Si consideramos en situación de pobreza extrema las personas que tienen un poder adquisitivo menor a dos dólares diarios, apreciamos una disminución radical en el porcentaje de la población mundial afectada por el fenómeno desde el año 1990. Siguiendo este criterio, existían en el mundo 736 millones de pobres en el año 2015, aunque en ese mismo año había en el planeta 795 millones de hambrientos. O, lo que es lo mismo, había 59 millones de personas desnutridas que no eran pobres.
Además, medir la pobreza según el poder adquisitivo de cada individuo nos impide ver la realidad compleja del problema y sus múltiples dimensiones, condicionando completamente sus soluciones. Hacen de ella un fenómeno individual que sufre una falta de inversiones e incentivos, ocultando la influencia del entorno y acceso a recursos y derechos básicos.
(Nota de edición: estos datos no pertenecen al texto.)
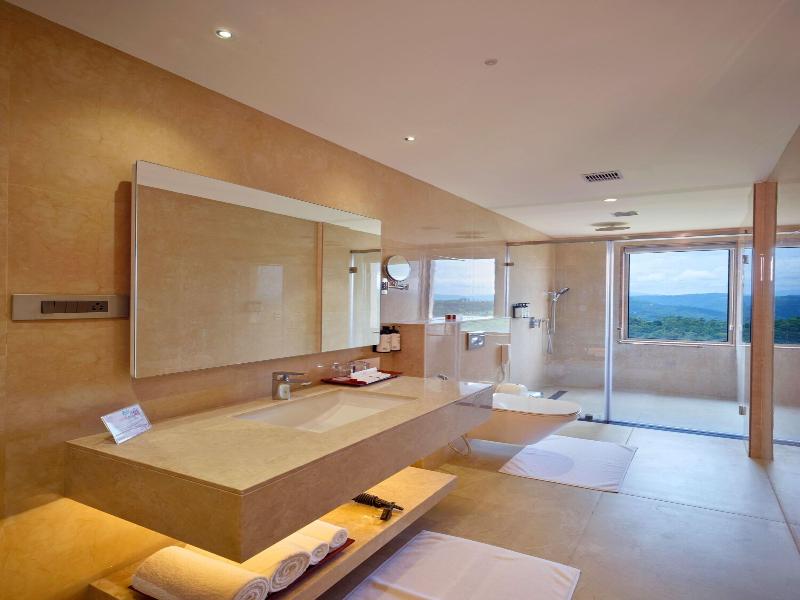 Vibe Munnar Resort & Spa image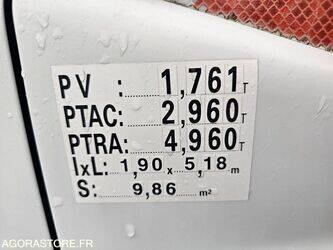 2006-renault-trafic-1428563-45795901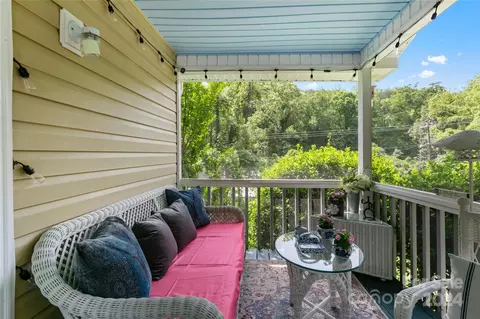 Exterior - 313 E Howard St, Tryon, NC 28782 photo 6 of 7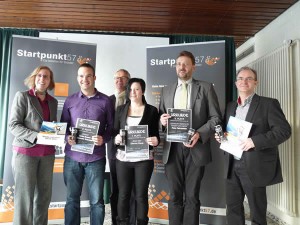 V.l.n.r.: Gesine Westhäuser (Startpunkt57), Tobias Orsowa, Frank Ermert(Startpunkt57), Désirée Steup, Peter Fahrensohn, Klaus Irle (Startpunkt57).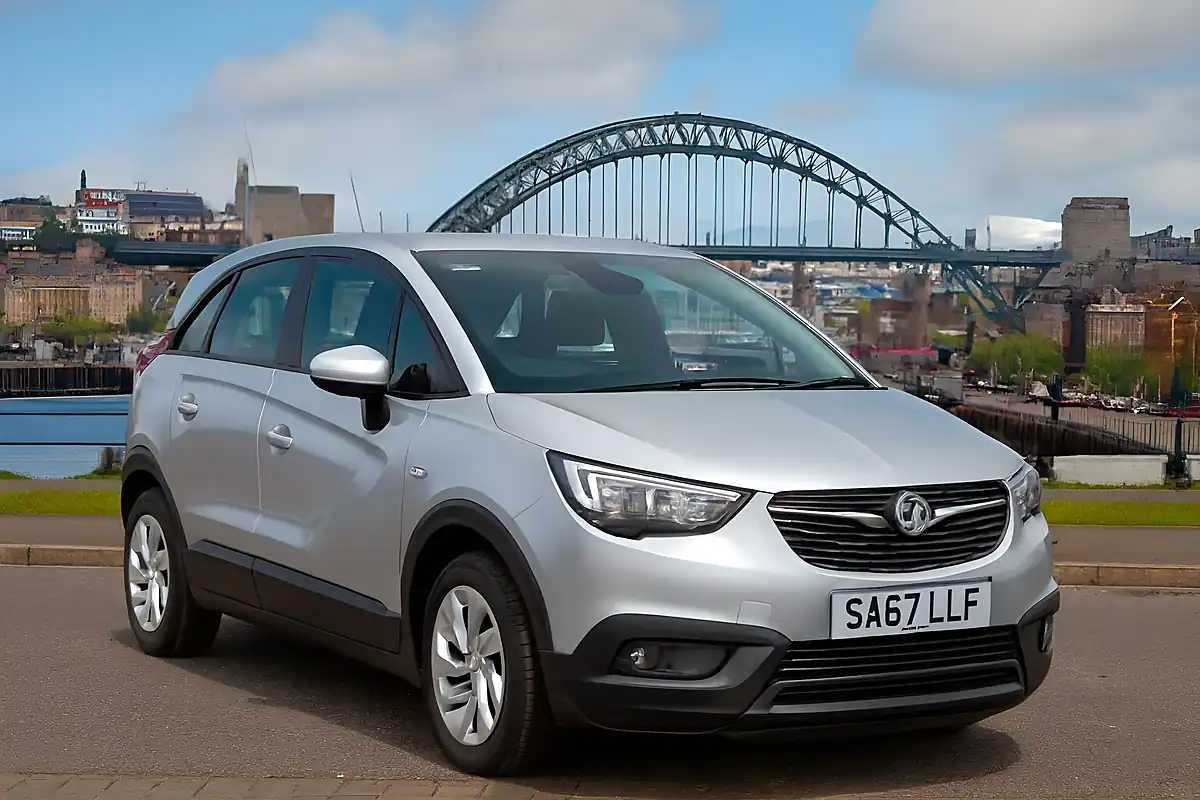 Used 2017 Vauxhall Crossland X Se Silver - Front View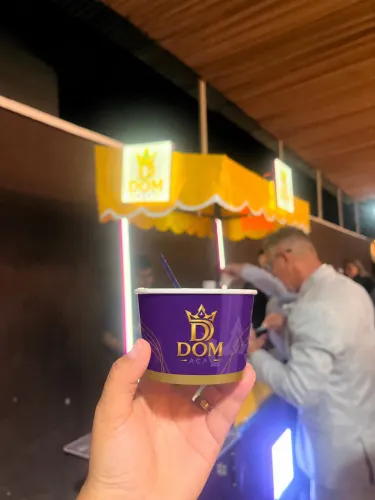 O carrinho de açaí mais lindo pro seu evento!
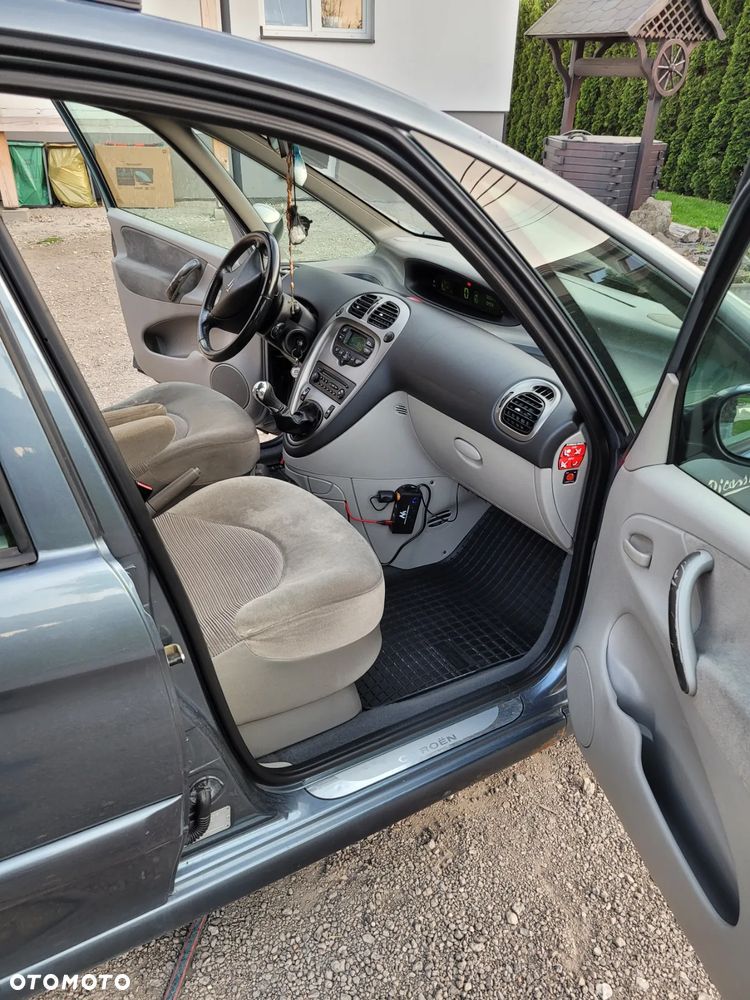 Citroën Xsara Picasso 1.6 Confort - 17
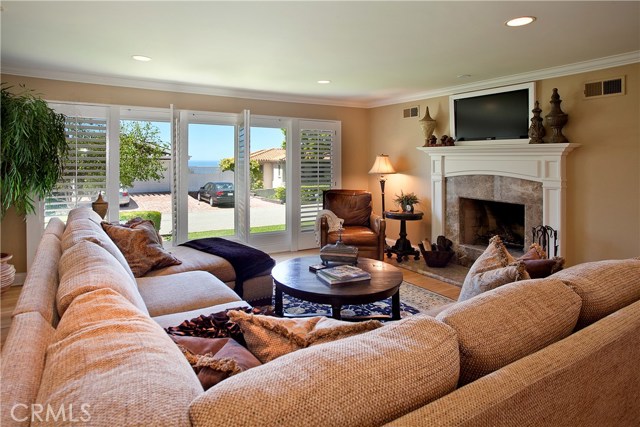 1521 Espinosa Circle, Palos Verdes Estates, California 90274, 3 Bedrooms Bedrooms, ,2 BathroomsBathrooms,Residential,Sold,Espinosa,PV17020430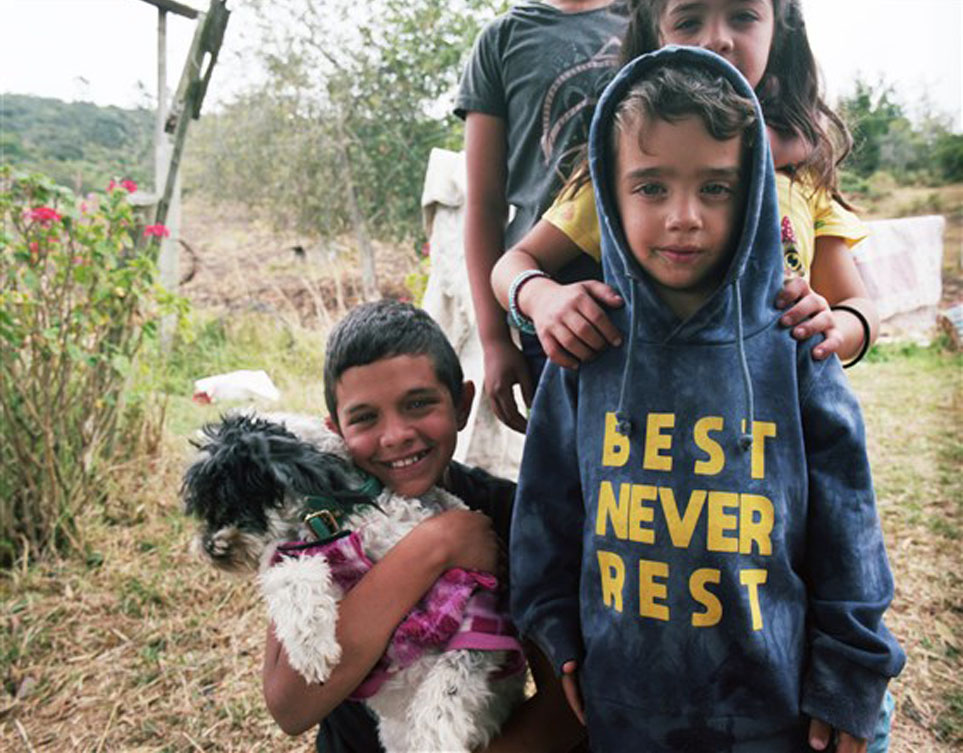 Shana, il cane randagio che ha cambiato le sorti di una famiglia disperata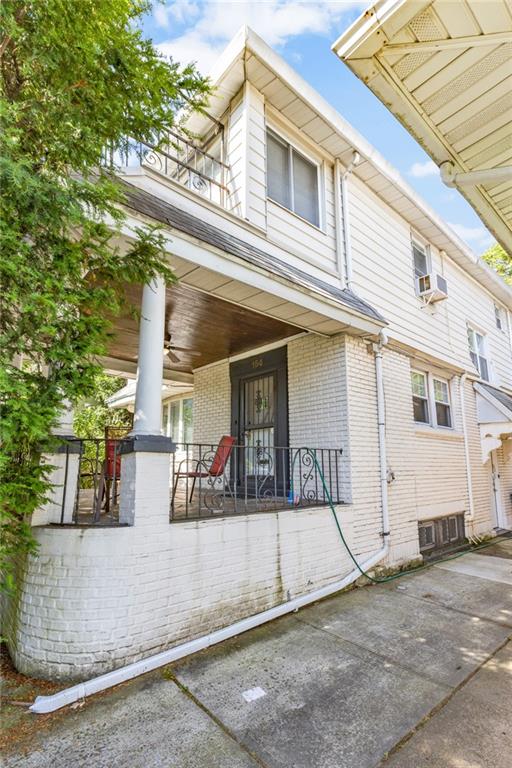 154 Beaumont Street Manhattan Beach Brooklyn NY 11235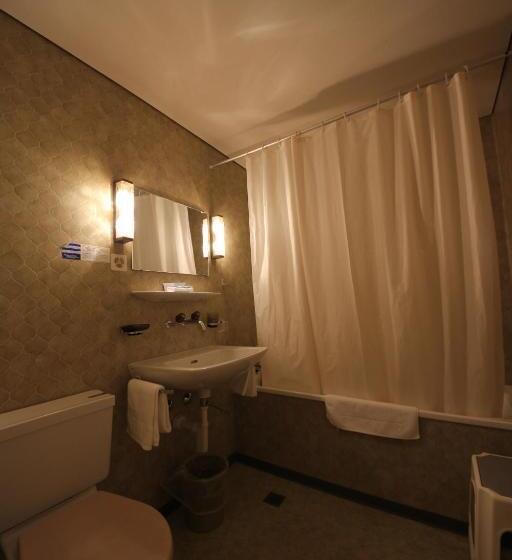 غرفة قياسية, Gasthaus Zum Kreuz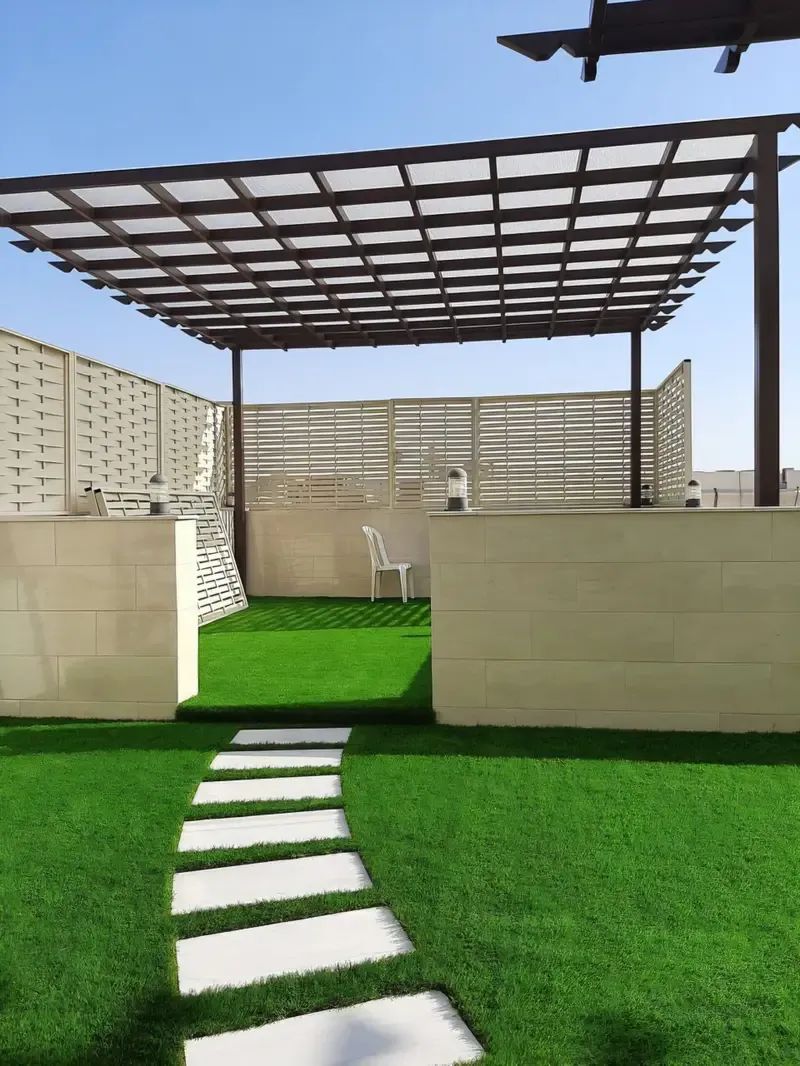 محداد مظلات جلسات خارجية وبرجولات حي الشرفية بجدة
¿Cómo se puede, entonces, erradicar un fenómeno cuya proporción es tan grande?
Según Borja Monreal la clave está en “construir sociedades menos desiguales en las que el acceso a los servicios básicos permita generar oportunidades que liberen y desarrollen el potencial de las personas pobres”.
Esther Duflo, académica del Instituto de Tecnología de Massachusetts (MIT, por sus siglas en inglés) quien ha sido recientemente galardonada con el Premio Nobel de la Economía, va más allá y da algunas recomendaciones bastante prácticas.
Sugiere empezar estudiando acciones muy concretas y de ahí ajustar la intervención.
Defiende que es necesario medir el impacto de las ayudas económicas al desarrollo probando soluciones con ensayos aleatorios. Aplicar un método científico a las políticas sociales.
Es decir, sabremos que la ayuda humanitaria es realmente eficaz si abordamos su estudio respondiendo a preguntas concretas sobre acciones concretas, que nos permitirán, además, ajustar nuestras decisiones de inversión en el futuro.
Defiende su convencimiento en esta charla TED, cuyo visionado recomendamos vivamente, y en los cursos gratuitos que imparte a través de la plataforma digital del MIT.
Desgraciadamente, aún queda mucho que luchar para erradicar la Pobreza, pero no podemos dejar de hacerlo.